There is a magnet in the middle of my fridge. It says, "In raising my children, I have lost my mind, but found my soul." How true this is.
I had no idea that I could love so deeply. Sometimes, I swear I'm certifiably insane, and all I can find to explain the crazy is the depth of my love for these three little people who call me, "MOM".
I always dreamed of finding my true love, of truly being able to say "you are the love of my life." Only today, in this moment, have I realized that THEY ARE!! There it has been, in front of my face for almost 11 years now. The three loves of my life are my children.
My first child was due on Mother's Day. She is my little flower, my springtime gift, and with her birth, a mother was born. She is everything new and beautiful. She is my inspiration, and when I look at her I want to be a better person. In her eyes I see compassion, innocence, and pure love for humanity.
My second child came in the fall. He is color and light and a reminder that change is good, it is the only constant there is in life. He is insightful and sensitive and intuitive. Despite struggling as the middle child to find his way, his emotions run deeper than either of his siblings. He is love and perseverance embodied.
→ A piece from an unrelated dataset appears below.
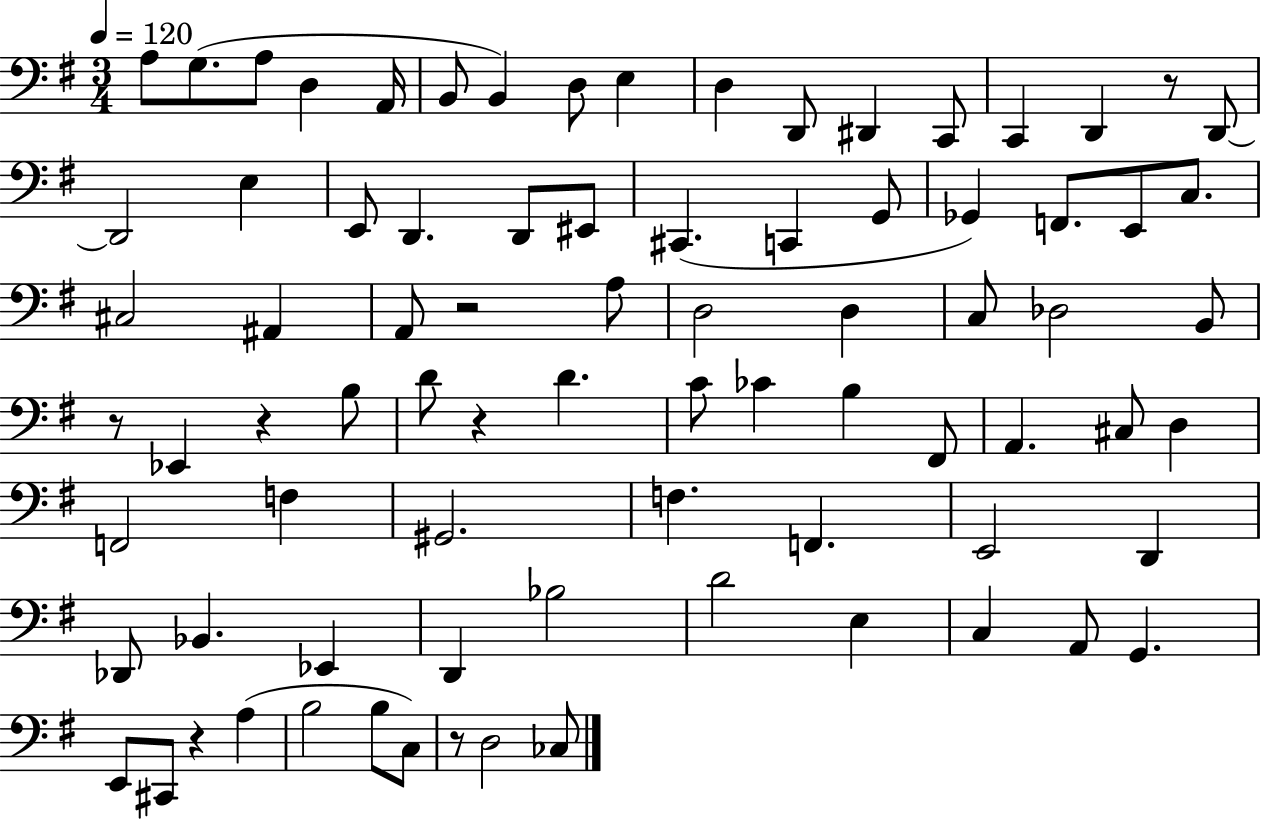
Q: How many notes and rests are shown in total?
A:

My third child was an unexpected Christmas gift. I knew I wanted a third child, but little did I know that I would get this little piece of perfection that made my family complete so soon. Born in the cold of winter, he is warmth and happiness and joy. He always has a kind word, a compliment, or a deep thought to share. He is charming and smart and a sharp dresser. He completes a trinity of awesome love that makes me who I am...Mommy.
These three amazing children are so different. They are their own unique, brilliant, beautiful people. Yes, they share the same eyes, and they share amazing senses of humor, and to my elation, senses of self. They share a bond as siblings that I cannot explain, because I have no siblings of my own. They are each other's best friends, and sometimes worst enemies. In each other, they learn diplomacy, patience, sharing, negotiation, communication, and their own special kind of love.
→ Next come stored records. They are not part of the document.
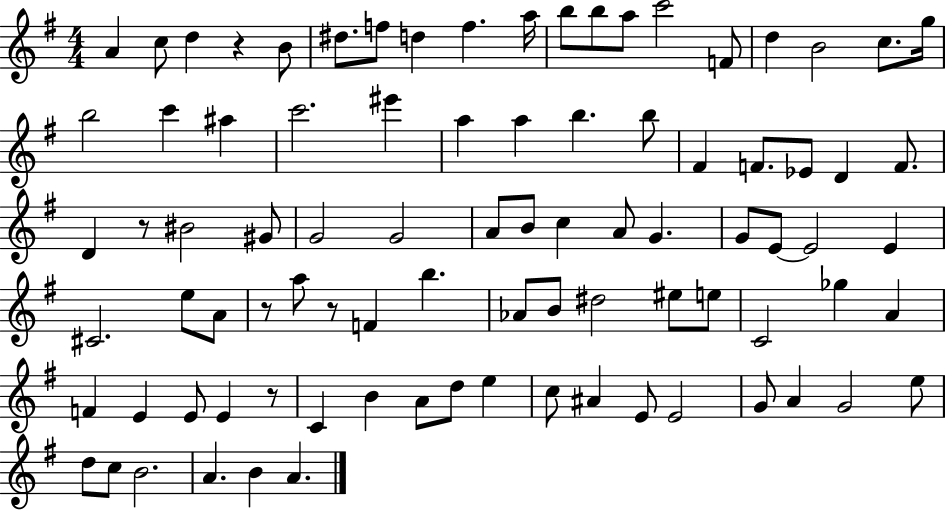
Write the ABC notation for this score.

X:1
T:Untitled
M:4/4
L:1/4
K:G
A c/2 d z B/2 ^d/2 f/2 d f a/4 b/2 b/2 a/2 c'2 F/2 d B2 c/2 g/4 b2 c' ^a c'2 ^e' a a b b/2 ^F F/2 _E/2 D F/2 D z/2 ^B2 ^G/2 G2 G2 A/2 B/2 c A/2 G G/2 E/2 E2 E ^C2 e/2 A/2 z/2 a/2 z/2 F b _A/2 B/2 ^d2 ^e/2 e/2 C2 _g A F E E/2 E z/2 C B A/2 d/2 e c/2 ^A E/2 E2 G/2 A G2 e/2 d/2 c/2 B2 A B A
I LOVE being a mother. I love being THEIR mother. I bake cupcakes for all the holidays and we play with play doh and finger paints and I am on the PTG and volunteer with their sports and clubs. There is a steady stream of kids visiting our house. There are toys and books in abundance, and poster frames in the stairwell to display their artwork. There are signs everywhere that this is a home filled with kids. I hope that it is as obvious that it is a home filled with love.
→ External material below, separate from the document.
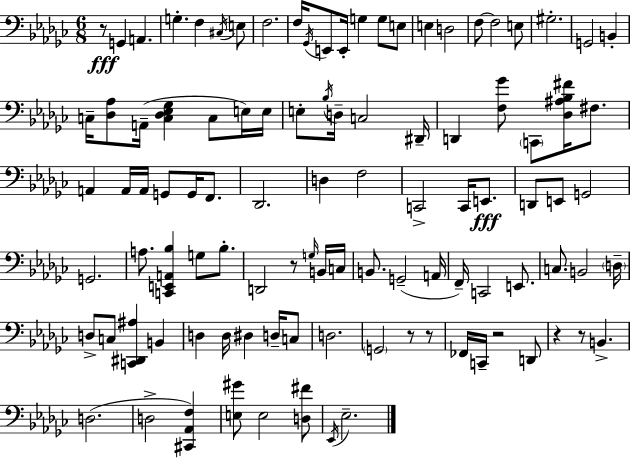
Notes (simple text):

R/e G2/q A2/q. G3/q. F3/q C#3/s E3/e F3/h. F3/s Gb2/s E2/e E2/s G3/q G3/e E3/e E3/q D3/h F3/e F3/h E3/e G#3/h. G2/h B2/q C3/s [Db3,Ab3]/e A2/s [C3,Db3,Eb3,Gb3]/q C3/e E3/s E3/s E3/e Bb3/s D3/s C3/h D#2/s D2/q [F3,Gb4]/e C2/e [Db3,A#3,Bb3,F#4]/s F#3/e. A2/q A2/s A2/s G2/e G2/s F2/e. Db2/h. D3/q F3/h C2/h C2/s E2/e. D2/e E2/e G2/h G2/h. A3/e. [C2,E2,A2,Bb3]/q G3/e Bb3/e. D2/h R/e G3/s B2/s C3/s B2/e. G2/h A2/s F2/s C2/h E2/e. C3/e. B2/h D3/s D3/e C3/e [C2,D#2,A#3]/q B2/q D3/q D3/s D#3/q D3/s C3/e D3/h. G2/h R/e R/e FES2/s C2/s R/h D2/e R/q R/e B2/q. D3/h. D3/h [C#2,Ab2,F3]/q [E3,G#4]/e E3/h [D3,F#4]/e Eb2/s Eb3/h.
I wrote in recent days of wondering what I wanted to do and be...but the reality is, that all that I could ever aspire to do pales in comparision to being a mother. This IS what I was meant to do, and who I am meant to be. While they inspire me to pursue greater things, I know that as long as I am loving and nurturing them, I am giving the best of myself to this world.
Today is not about flowers or gifts or cards or meals, it is about pure love and gratitude. There will never be words to express the depth of the love I feel for them, or the appreciation I have for the amazing gift I have been given in being their Mom.
Happy Mother's Day. I'm off to try to collect the scattered thoughts in my mind, and hug and kiss and squeeze the living, walking, laughing, breathing pieces of my soul...
I love you, Kayla, Tyler, and Ryan!!